[Try it]
Below this line are records; write out exactly the lines from the one containing "Pink Bow Bridal" through the one containing "CaseSwap™ - Big-eyed", with the pictures left out.

[Supplied material]
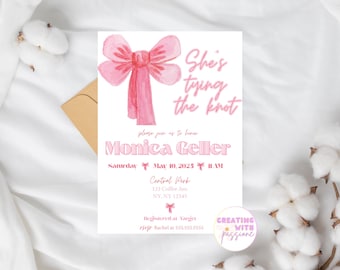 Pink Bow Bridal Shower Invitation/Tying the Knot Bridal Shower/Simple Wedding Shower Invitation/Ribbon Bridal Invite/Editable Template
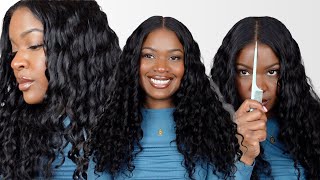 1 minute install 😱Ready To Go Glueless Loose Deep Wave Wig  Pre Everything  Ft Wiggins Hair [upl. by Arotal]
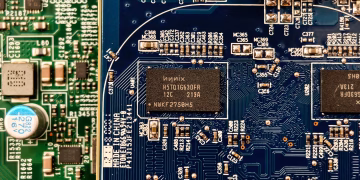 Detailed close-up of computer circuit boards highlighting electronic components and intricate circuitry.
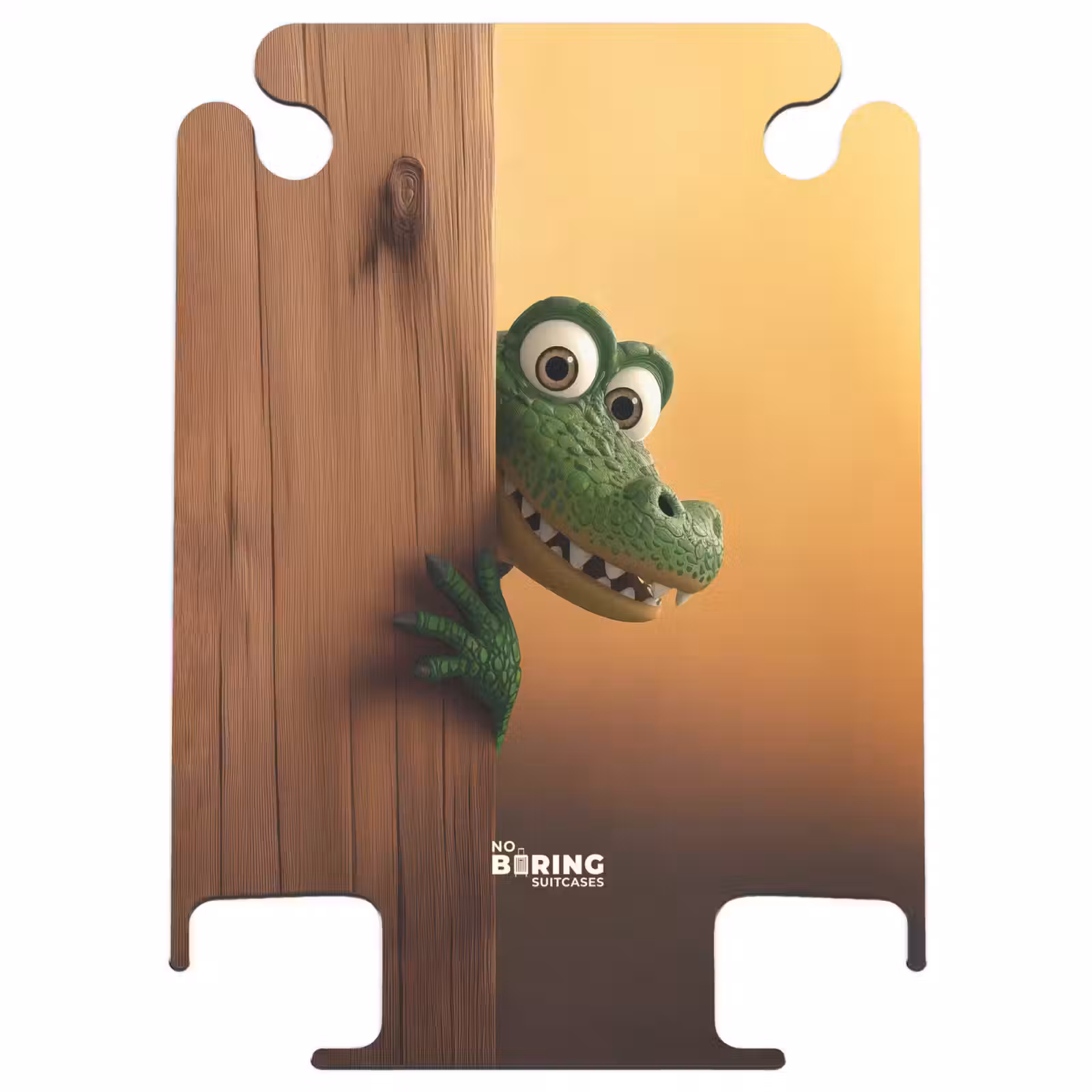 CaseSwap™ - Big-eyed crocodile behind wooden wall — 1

==

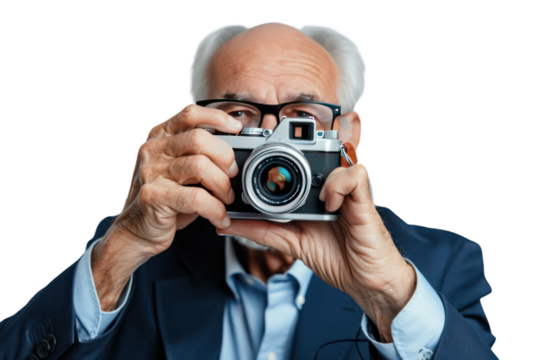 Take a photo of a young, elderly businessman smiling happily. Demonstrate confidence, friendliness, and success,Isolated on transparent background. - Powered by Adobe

[Result]
 Pink Bow Bridal Shower Invitation/Tying the Knot Bridal Shower/Simple Wedding Shower Invitation/Ribbon Bridal Invite/Editable Template
 1 minute install 😱Ready To Go Glueless Loose Deep Wave Wig  Pre Everything  Ft Wiggins Hair [upl. by Arotal]
 Detailed close-up of computer circuit boards highlighting electronic components and intricate circuitry.
 CaseSwap™ - Big-eyed crocodile behind wooden wall — 1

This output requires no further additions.